Last week, the Barents Arctic naval exercise was conducted by more than ten Northern Fleet warships and submarines, including the large nuclear-powered battlecruiser.Pyotr Veliky‘, which fired a Granite cruise missile from the Barents Sea at a target on Novaya Zemlya. As a result of the exercise, an area of ​​over 50,000 km2 was closed to civil sea and air navigation.

“It is planned to conduct a series of shelling with naval missiles, artillery and anti-submarine weapons at surface, underwater and air targets in the Barents Sea.” The Northern Fleet informed. In her first warning, sent August 19–20, she did not specify what type of weapons she would be using, but as the exercise began it was discovered that the Northern Fleet was firing its guns, rockets and cruise missiles under live fire practiced drill.

In addition to the Navy, the Russian Air Force and coastal air defense units were also present to support the fleet. As reported by the Barents Observerplayed the fleet into the scenario of repelling an enemy attack on Russia from the Barents Sea while dodging attacks on the country’s Arctic islands.

Keep a watchful eye

Northern Fleet test cruise missiles
A Granit cruise missile flew from the Russian flagship Peter the Great on Aug. 24, 2022 toward a naval target near the Novaya Zemlya Archipelago. (Screenshot by Russia Intel/YouTube)

NATO countries such as the UK, Norway and the US kept tabs on this extensive week-long Russian naval exercise. Earlier this week, the US and UK sent reconnaissance planes along the coast of the Kola Peninsula to monitor their activities.

A Russian MiG-31 was reported on August 22 when it unexpectedly encountered a British RC-135 that the Kremlin said had violated Russian airspace.

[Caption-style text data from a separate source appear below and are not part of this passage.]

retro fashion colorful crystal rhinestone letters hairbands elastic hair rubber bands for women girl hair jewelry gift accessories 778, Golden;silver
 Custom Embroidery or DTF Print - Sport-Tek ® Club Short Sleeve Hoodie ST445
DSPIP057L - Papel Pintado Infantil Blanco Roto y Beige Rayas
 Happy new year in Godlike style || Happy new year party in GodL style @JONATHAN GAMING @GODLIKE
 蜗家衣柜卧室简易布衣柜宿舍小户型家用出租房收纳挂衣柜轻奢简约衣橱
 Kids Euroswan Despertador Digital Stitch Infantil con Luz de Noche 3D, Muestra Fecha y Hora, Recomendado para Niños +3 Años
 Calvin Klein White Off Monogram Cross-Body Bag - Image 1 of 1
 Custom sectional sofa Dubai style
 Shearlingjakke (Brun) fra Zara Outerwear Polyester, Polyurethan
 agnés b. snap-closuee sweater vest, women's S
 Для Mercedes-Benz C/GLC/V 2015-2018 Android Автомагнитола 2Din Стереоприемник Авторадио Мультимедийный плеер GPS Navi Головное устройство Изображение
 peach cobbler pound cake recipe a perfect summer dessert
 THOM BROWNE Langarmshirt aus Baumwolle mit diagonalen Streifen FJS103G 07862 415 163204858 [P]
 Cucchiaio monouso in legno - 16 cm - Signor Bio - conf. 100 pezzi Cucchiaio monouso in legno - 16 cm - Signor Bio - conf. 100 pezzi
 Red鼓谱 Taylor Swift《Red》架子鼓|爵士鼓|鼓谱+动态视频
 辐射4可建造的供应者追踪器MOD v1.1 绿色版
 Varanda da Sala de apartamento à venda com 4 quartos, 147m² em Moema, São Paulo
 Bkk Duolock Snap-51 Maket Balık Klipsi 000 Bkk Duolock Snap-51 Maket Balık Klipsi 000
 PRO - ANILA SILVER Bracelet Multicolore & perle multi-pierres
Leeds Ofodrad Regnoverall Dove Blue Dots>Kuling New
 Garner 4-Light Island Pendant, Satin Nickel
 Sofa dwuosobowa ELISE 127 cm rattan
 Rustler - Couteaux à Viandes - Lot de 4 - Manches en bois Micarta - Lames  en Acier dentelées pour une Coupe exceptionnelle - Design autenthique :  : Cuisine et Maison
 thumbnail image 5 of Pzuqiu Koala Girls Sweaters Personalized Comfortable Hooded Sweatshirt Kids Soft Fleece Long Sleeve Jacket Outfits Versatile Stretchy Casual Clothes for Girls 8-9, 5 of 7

“The plane violated the state border of the Russian Federation in the area of ​​Cape Svyatoy Nos,” the Defense Ministry said in a brief statement.

On the other hand, the British government denied the allegations of border violations, stating that “the British plane was in contact with Russian civil air traffic control and its crew operated safely and professionally”.